The research in this area typically has the following setup: you get a group of N people in one room, and give them the same task to perform. Usually there is some experimental condition that you want to measure the effect of (for instance “using design patterns” vs “not using design patterns”), so you split them into subgroups accordingly. You then measure how long each takes to finish the task.

The “10x” result comes from interpreting the same kind of experimental data, but instead of looking at the effect of the experimental condition, you look at the variance itself. (Historically, this got noticed because it vexed researchers that the variance was almost always swamping out the effects of the experimental conditions.)

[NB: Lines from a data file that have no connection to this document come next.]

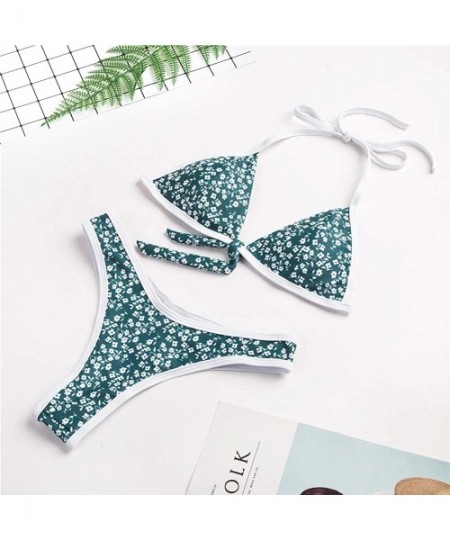 Sets Bikini Set- 2PCS Bow Front Skirt Set- High Waist Thong Bandage Beachwear - Green - CG18W4GZWE4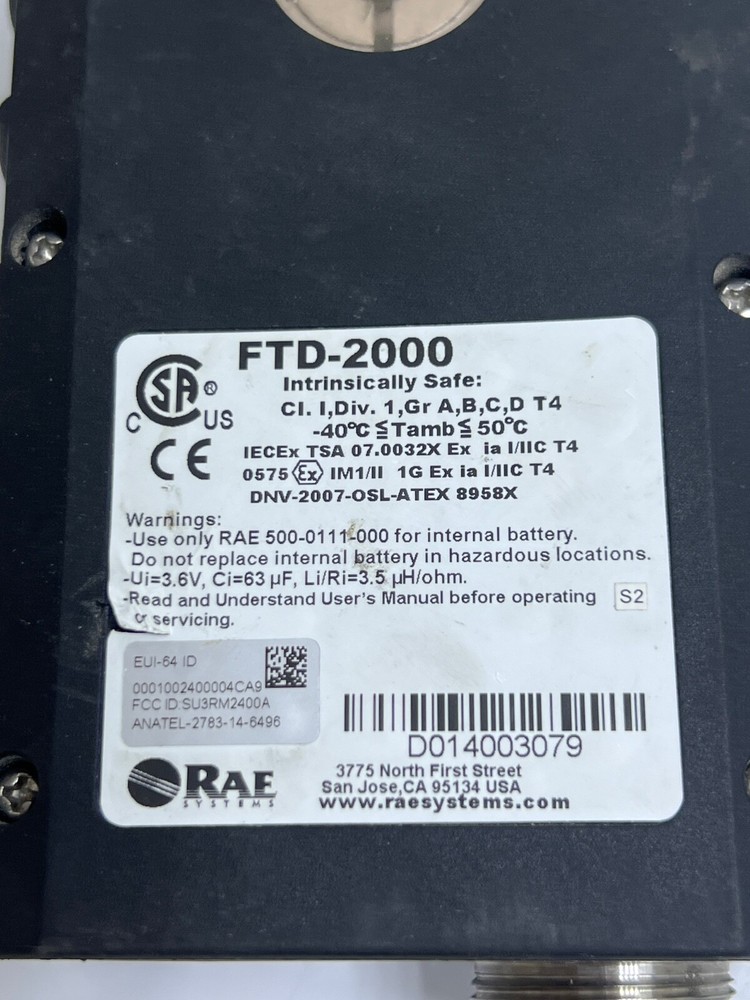 RAE SYSTEMS FTD-2000 MESHGUARD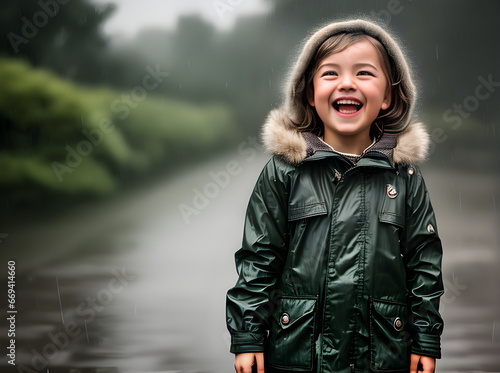 Child laughs waist medium rain maximum detail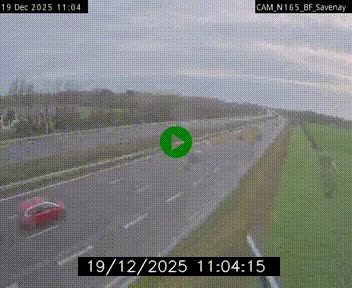 Webcam sur la N165 à hauteur de Savenay, au nord-ouest de Nantes en direction de la Bretagne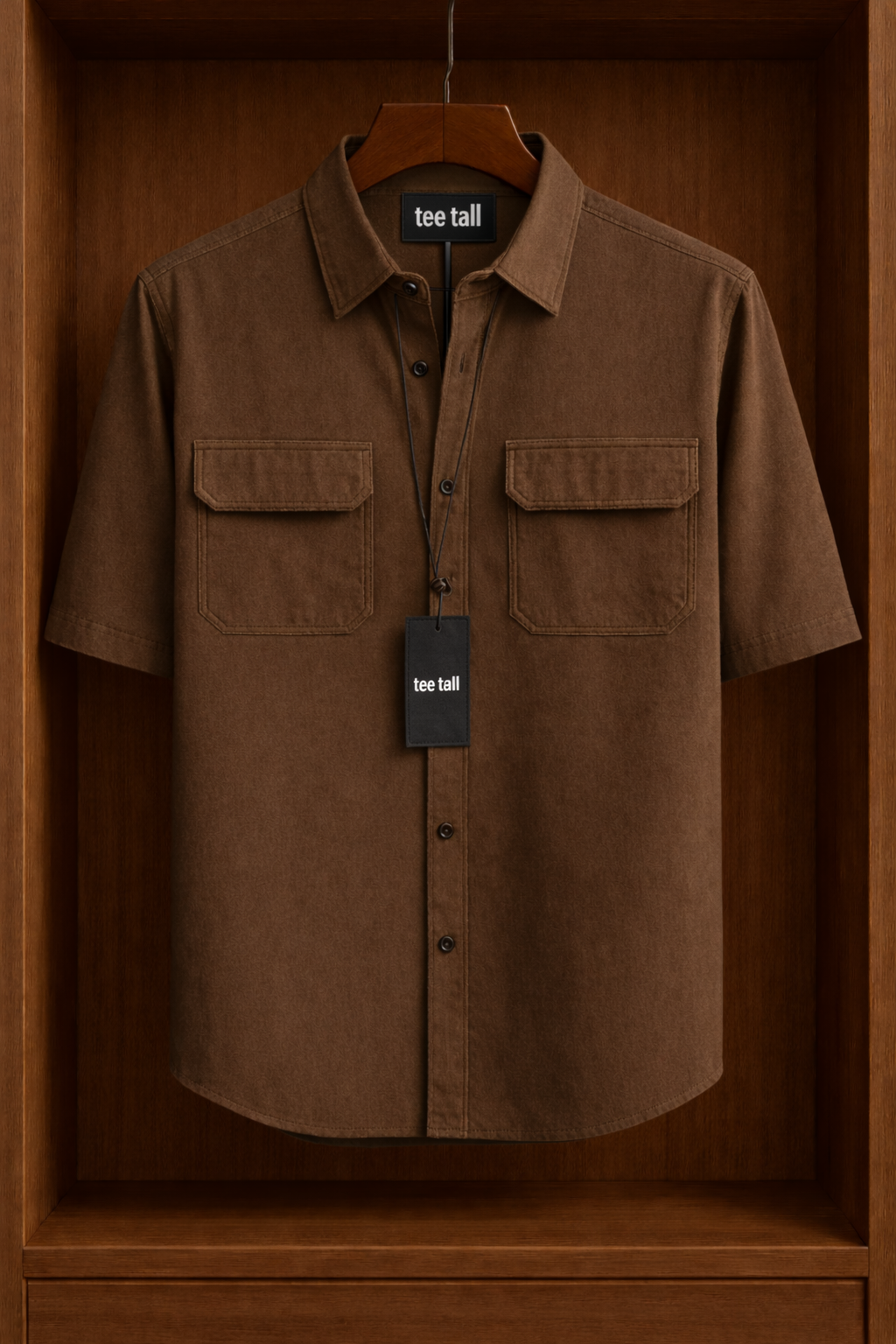 Mens Button Up Cotton Half Sleeve Shirt TTMBUS311 - Brown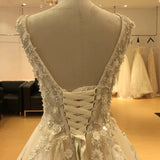 Gorgeous Appliques A-line V-neck Wedding Dress Beaded Bridal Gown OKV18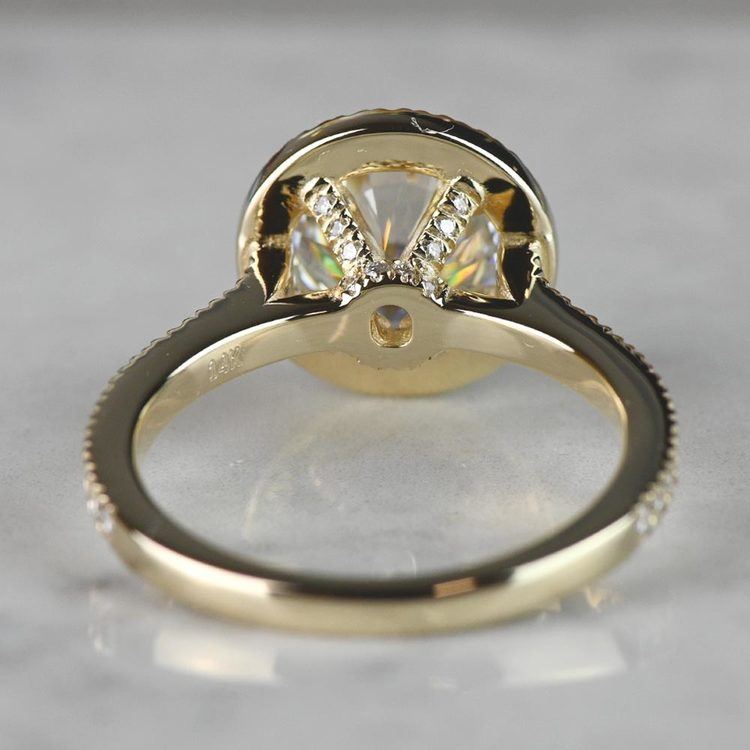 14K Gold Diamond Halo Ring With Double Claw-Prongs angle 4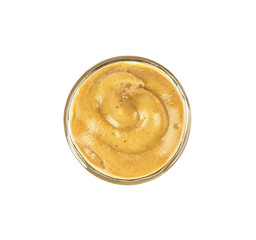 Bowl of delicious mustard sauce isolated on white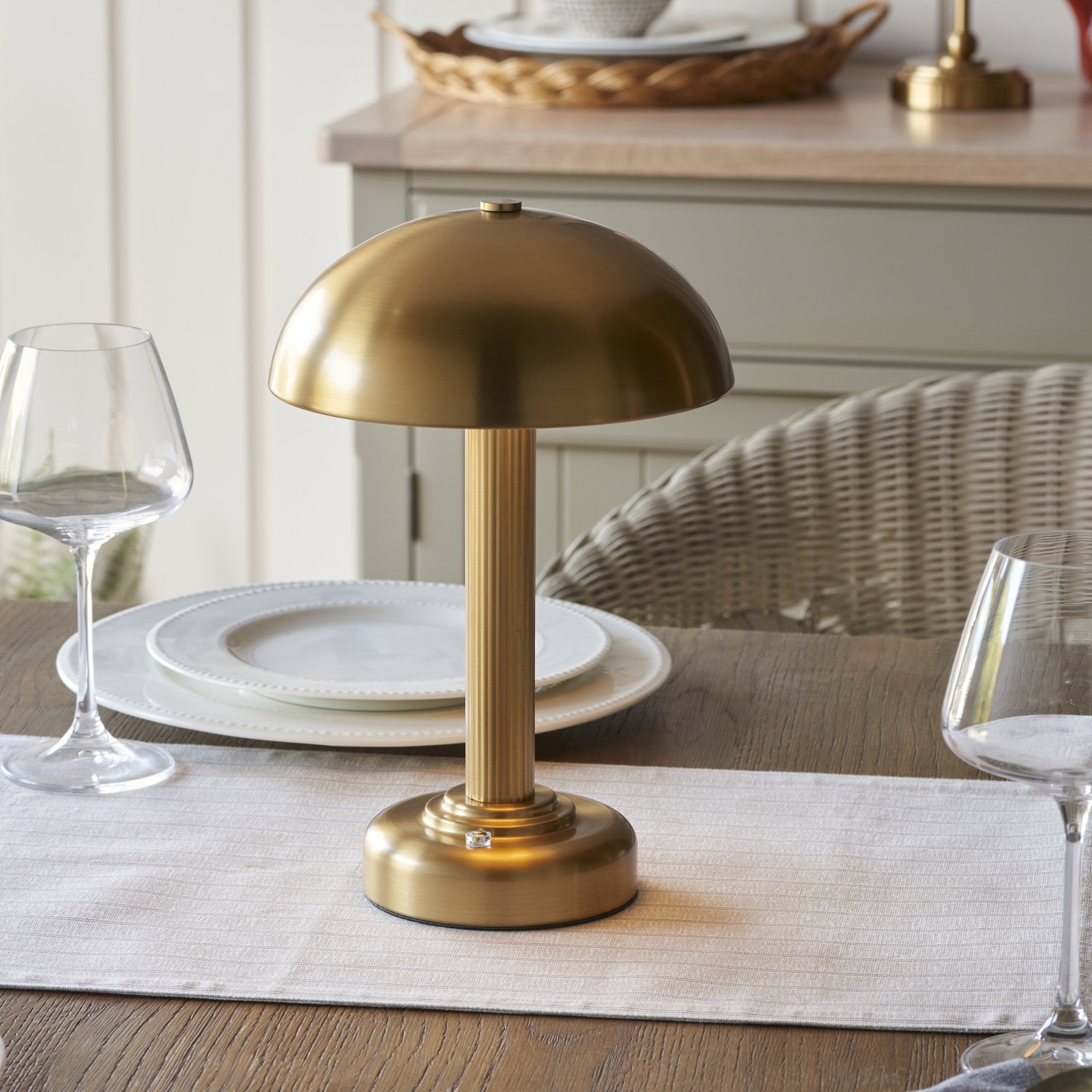 Endon Bridport Rechargeable Single Light Table Lamp - Warm Brass Plate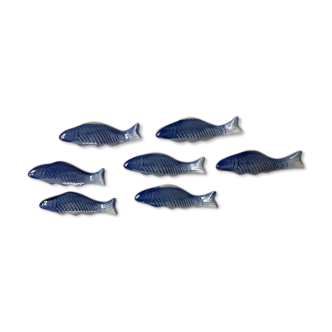 Blue fish ceramic knife holder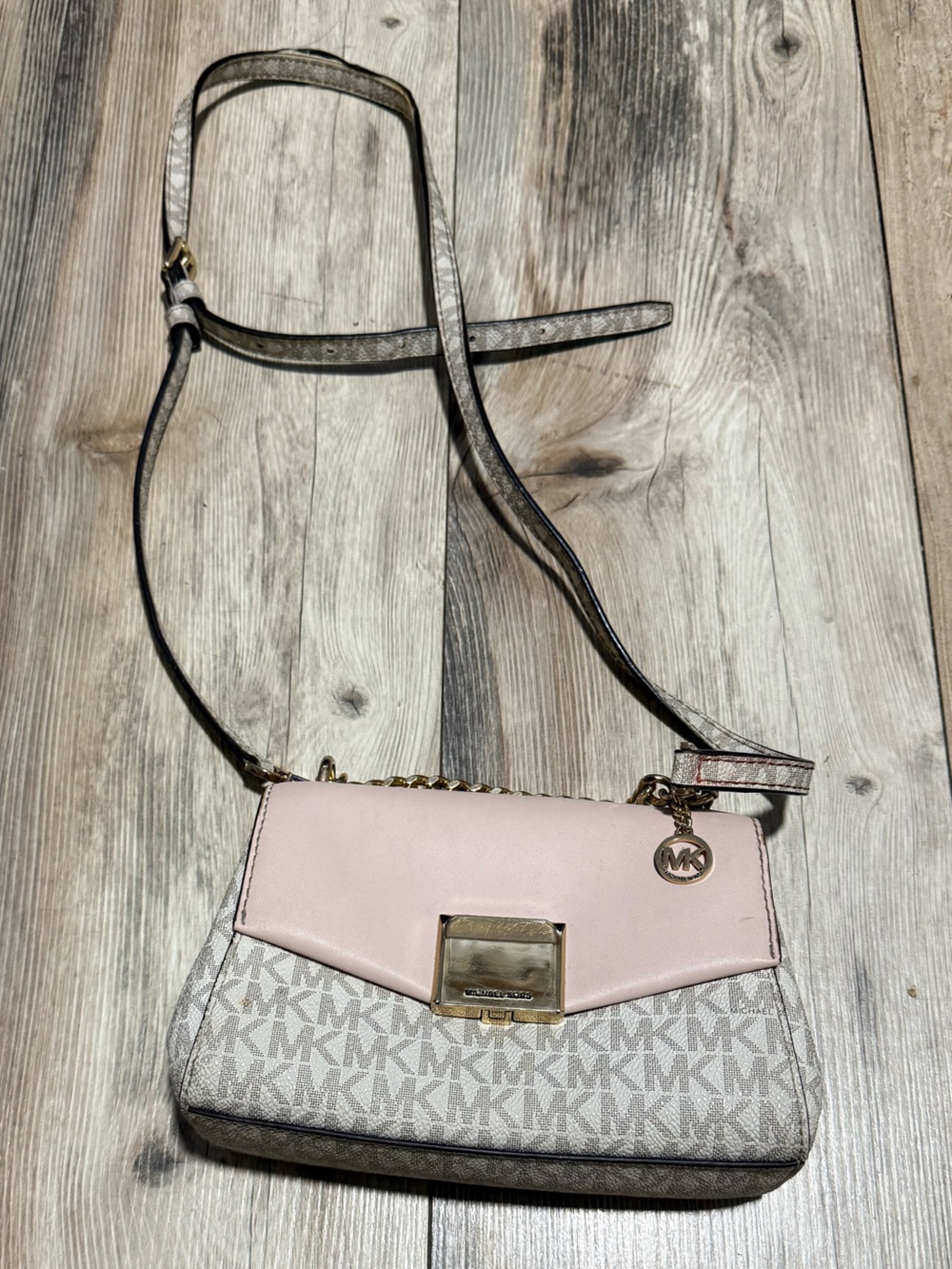 Michael Kors Pink and Signature Logo Crossbody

The issue that perplexes me is that taking a best-to-worst ratio in each group, in such cases, will give a measurement of variance that is composed of two things: first, how variable the time required to complete a task is intrinsically, and second, how different people in the relevant population (which is itself hard to define) differ in their effectiveness at completing tasks.

When I discussed this with Alexandros I brought up the “ideal experiment” I would want to use to measure the first component: take one person, give them a task, measure how long they take. Repeat N times.

However this experiment isn’t valid, because remembering how you solved the task the first time around saves a huge amount of time in successive attempts.

So my “ideal” experiment has to be amended: the same, but you wipe the programmer’s short-term memory each time, resetting them to the state they were in before the task. Now this is only an impossible experiment.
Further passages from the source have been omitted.